By Sarah Gray
March 2, 2018

Winter Storm Riley is pounding the East Coast with gusting wind, heavy rain, and, in some cases, wet snow. Along with these nor’easter storm conditions, Boston and nearby areas are experiencing coastal flooding due to the storm.

At around 11 a.m. local time on Friday a storm surge of 3 feet was recorded, according to local NPR station WBUR. The National Weather Service says high tide cycles could mean “moderate to major impacts” along the coast.

There is a coastal flood warning in effect “from Salisbury to Plymouth,” the NWS reported. “This includes the city of Boston. Damaging impacts are likely for those communities exposed to the open ocean.”

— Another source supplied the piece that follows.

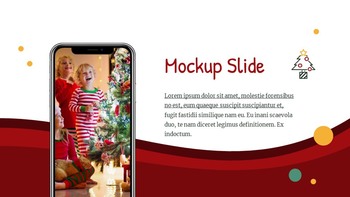 Fröhliche Weihnachten Einfache Google Slides_39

Flooding has been reported in parts of Boston, including the Seaport District, Long Wharf, the North End, and Morrisey Blvd. The MBTA’s Blue Line stop was closed for the day due to flooding, according to NECN. Several school districts are experiencing closings, The Boston Globe reports.

Dramatic images and videos from social media show flooded streets in the greater Boston area:

After experiencing January’s so-called “bomb cyclone” storm that also brought coastal flooding to Massachusetts, Boston officials began preparing early for Friday’s flooding. Boston Water and Sewer Commission cleaned debris out of low-level areas to keep drains from clogging, NECN reported. The Boston Police Department also put up barriers to restrict traffic in areas where flooding was expected.

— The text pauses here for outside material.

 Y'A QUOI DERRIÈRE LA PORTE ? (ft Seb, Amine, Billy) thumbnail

“As we saw with the coastal flooding in the Seaport in January, there is a need to proactively plan for our changing climate, which is why we’re integrating climate resilience into all aspects of city planning moving forward, beginning with a Climate Ready project in South Boston,” Boston Mayor Marty Walsh told NECN.

Flooding is also being reported in other areas of Massachusetts, including Quincy and Duxbury. There are flood warnings for extended portions of the East Coast from Maine to North Carolina, according to Weather.com.

The current nor’easter has the potential to be worse than January’s storm, according to Quartz.